Planning on going on the team ride tomorrow and it looks to be a tough one.  I am starting to get an understanding of how my body reacts to different training patterns and hopefully this will help in preparing for races later in the year.  I still have a long season ahead of me and I am trying not to peak or burn out too early.

Friday, March 2, 2012

A little bit of history

Let's go back about 2 years.  Kelsey and I had just moved to California and I was very excited about heading over to my first motorcycle track day.  Motorcycle track days are basically practicing for motorcycle road racing and quite possibly the most fun you can legally have.  As the year went on and I became more interested in going faster at the track, I realized that my stamina on the motorcycle was pretty poor (I would make it about 4 laps before my quads would start to shake).  After some reading I found that all good motorcycle racers train their bodies by riding a road bike.  So naturally I went out and picked up a road bike in order to get myself fit for the racetrack.  Another year later and I had a second two wheeled interest and I was ready to join my current cycling team.
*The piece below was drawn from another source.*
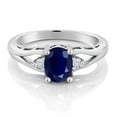 thumbnail image 2 of Gem Stone King 925 Sterling Silver Blue Sapphire and White Moissanite 3 Stone Engagement Ring for Women | 1.88 Cttw | Oval 8X6MM | Round 2MM | Gemstone September Birthstone | Size 7, 2 of 5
Ben Spies - You might notice that he is pointed towards the grass in this picture.  He is actually sliding the rear tire while accelerating out of the turn (hence all of the dark lines on the pavement).

Imbedded into the above story is the fact that I love motorcycle racing.  Bicycle racers are some tough hombres but in my mind motorcycle racers are the bees knees.  They combine physical strength, mental fortitude, and whole boat load of guts to take a two wheel rocketship around a track at speeds that most of us will only reach in an airplane.  

Remember physics class in high school... I think this breaks all of Newton's laws.
I follow at least 3 major motorcycle racing circuits and the best of these is MotoGP.  They ride prototype motorcycles as seen in the pictures above and the best riders in the world all show up for the throwdown.  I have plans to go back to the racetrack later this year in between bicycle races but as that won't happen until at least May I am stuck watching videos like these below to stoke the motorcycle fire.  The top video is of Casey Stoner (the current world champion) and the bottom video is of Ben Spies (the first American to win a race in 5 years).  It's also worth noting that Ben Spies sponsors/races a Texas based cycling team.

On a separate topic, Kelsey and I just finished going the whole month of February without eating any fast food (yes, we love fast food and we know it is bad for us).  For March I have committed to spending a half hour each day working on my spanish speaking skills with the Rosetta Stone program.